Your instructions
Transcribe the data in full; each line must match exactly.

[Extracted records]
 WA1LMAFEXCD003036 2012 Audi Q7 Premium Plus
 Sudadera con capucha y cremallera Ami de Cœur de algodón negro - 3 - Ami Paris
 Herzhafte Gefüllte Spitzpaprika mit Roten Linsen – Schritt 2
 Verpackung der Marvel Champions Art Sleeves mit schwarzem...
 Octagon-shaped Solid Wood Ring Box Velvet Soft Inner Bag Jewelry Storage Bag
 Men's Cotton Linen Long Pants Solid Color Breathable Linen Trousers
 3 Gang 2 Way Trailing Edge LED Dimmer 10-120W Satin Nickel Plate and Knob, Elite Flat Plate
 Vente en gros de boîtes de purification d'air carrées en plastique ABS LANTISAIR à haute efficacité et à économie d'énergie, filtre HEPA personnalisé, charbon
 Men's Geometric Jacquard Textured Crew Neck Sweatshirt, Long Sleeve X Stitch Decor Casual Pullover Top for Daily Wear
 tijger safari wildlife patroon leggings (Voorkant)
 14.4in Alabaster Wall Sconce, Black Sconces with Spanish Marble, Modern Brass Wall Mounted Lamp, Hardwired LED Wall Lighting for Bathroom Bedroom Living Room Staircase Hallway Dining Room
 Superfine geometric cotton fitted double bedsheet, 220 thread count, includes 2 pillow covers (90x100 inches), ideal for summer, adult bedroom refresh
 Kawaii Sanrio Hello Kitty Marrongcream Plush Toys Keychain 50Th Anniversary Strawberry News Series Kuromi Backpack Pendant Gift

Your response
 WA1LMAFEXCD003036 2012 Audi Q7 Premium Plus
 Sudadera con capucha y cremallera Ami de Cœur de algodón negro - 3 - Ami Paris
 Herzhafte Gefüllte Spitzpaprika mit Roten Linsen – Schritt 2
 Verpackung der Marvel Champions Art Sleeves mit schwarzem...
 Octagon-shaped Solid Wood Ring Box Velvet Soft Inner Bag Jewelry Storage Bag
 Men's Cotton Linen Long Pants Solid Color Breathable Linen Trousers
 3 Gang 2 Way Trailing Edge LED Dimmer 10-120W Satin Nickel Plate and Knob, Elite Flat Plate
 Vente en gros de boîtes de purification d'air carrées en plastique ABS LANTISAIR à haute efficacité et à économie d'énergie, filtre HEPA personnalisé, charbon
 Men's Geometric Jacquard Textured Crew Neck Sweatshirt, Long Sleeve X Stitch Decor Casual Pullover Top for Daily Wear
 tijger safari wildlife patroon leggings (Voorkant)
 14.4in Alabaster Wall Sconce, Black Sconces with Spanish Marble, Modern Brass Wall Mounted Lamp, Hardwired LED Wall Lighting for Bathroom Bedroom Living Room Staircase Hallway Dining Room
 Superfine geometric cotton fitted double bedsheet, 220 thread count, includes 2 pillow covers (90x100 inches), ideal for summer, adult bedroom refresh
 Kawaii Sanrio Hello Kitty Marrongcream Plush Toys Keychain 50Th Anniversary Strawberry News Series Kuromi Backpack Pendant Gift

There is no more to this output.